Adaptor grammars (Maximum a posteriori variant: MAG) #
@cite{odonnell-2015}
The "full-listing" model of @cite{odonnell-2015} §2.4.2 / §3.1.7: a
Dirichlet–multinomial PCFG (rule weights with conjugate Dirichlet
prior) augmented with a per-LHS Pitman–Yor process for memoizing
subtree expansions. Each nonterminal A carries a PYP "restaurant"
whose tables hold previously-computed subderivations rooted at A;
new derivations either reuse a stored subtree (with probability
proportional to its current table occupancy) or productively compute
a fresh subtree from the underlying CFG.
Per @cite{odonnell-2015} §3.1.7 the corpus probability factorizes per-LHS as
ag(X, Y; A) = ∏_{A ∈ V} [DMPCFG-factor for A on X^A]
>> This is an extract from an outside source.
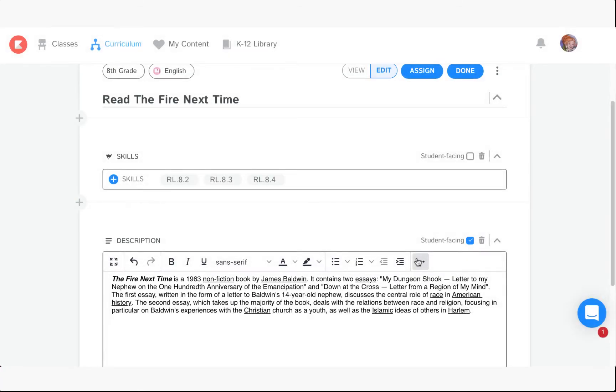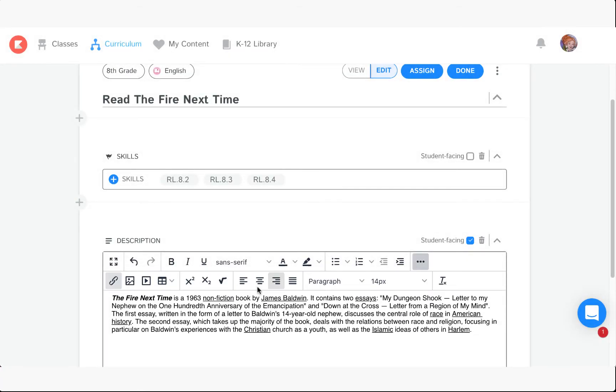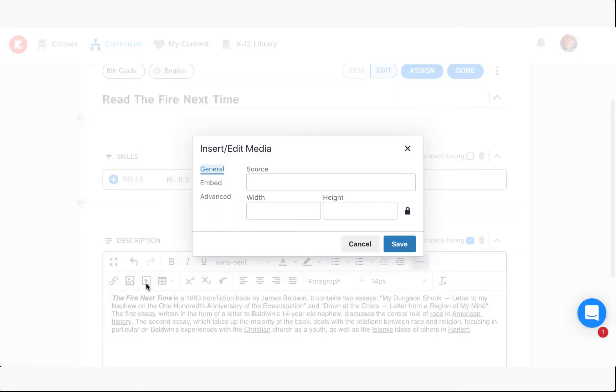To embed a video from YouTube or another video service, click on Insert Media from the text field of the assignment.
· [PYP-factor for A on Y^A]
where X^A is the rule-count vector for LHS A (the same data
DMPCFG consumes) and Y^A is the table-occupancy assignment for
A's restaurant — formally a set partition of [N^A] (the N^A
uses of NT A in the corpus, partitioned by which table each use
sat at).
Why a set partition (not a multiset)? #
@cite{odonnell-2015} writes Y^A = ȳ^A as a "count vector of reused
derivations stored on each table". Tables in O'Donnell's PYP are
labeled (table 1, 2, ...) — each table stores a specific
subderivation, and different tables store different ones (line 91-92
of the book). The natural mathematical object is therefore "for each
NT-A use in the corpus, which table did it go to?", i.e. a customer-
to-table assignment function. Each set partition of [N^A] corresponds
to exactly one labeled assignment under any canonical labeling
convention.
The EPPF formula [θ + α]_{K-1, α} · ∏ [1 - α]_{n_i - 1, 1} / [θ + 1]_{N - 1, 1} (@cite{pitman-2006} Thm 3.2 / @cite{odonnell-2015}
eq from §3.1.7) is precisely the probability of one such specific set
partition. By the EPPF's symmetry it depends only on the multiset of
block sizes — but the underlying random variable is the set partition
itself.
We model TableAssignment as G.NT → Σ n, OrderedFinpartition n using
mathlib's OrderedFinpartition n (the structure mathlib uses for
Faà di Bruno; it represents a set partition of Fin n with a canonical
labeling by greatest element). The choice of OrderedFinpartition over
Finpartition is for the proof of sum_partitionProb_ord_eq_one:
mathlib's OrderedFinpartition.extendEquiv gives the seating-plan
bijection
(c : OrderedFinpartition n) × Option (Fin c.length) ≃ OrderedFinpartition (n+1)
out of the box, exactly matching Pitman's (α, θ) seating-plan
recursion. Finpartition lacks this bijection lemma. Either type
admits the same number of objects (one per set partition of [n])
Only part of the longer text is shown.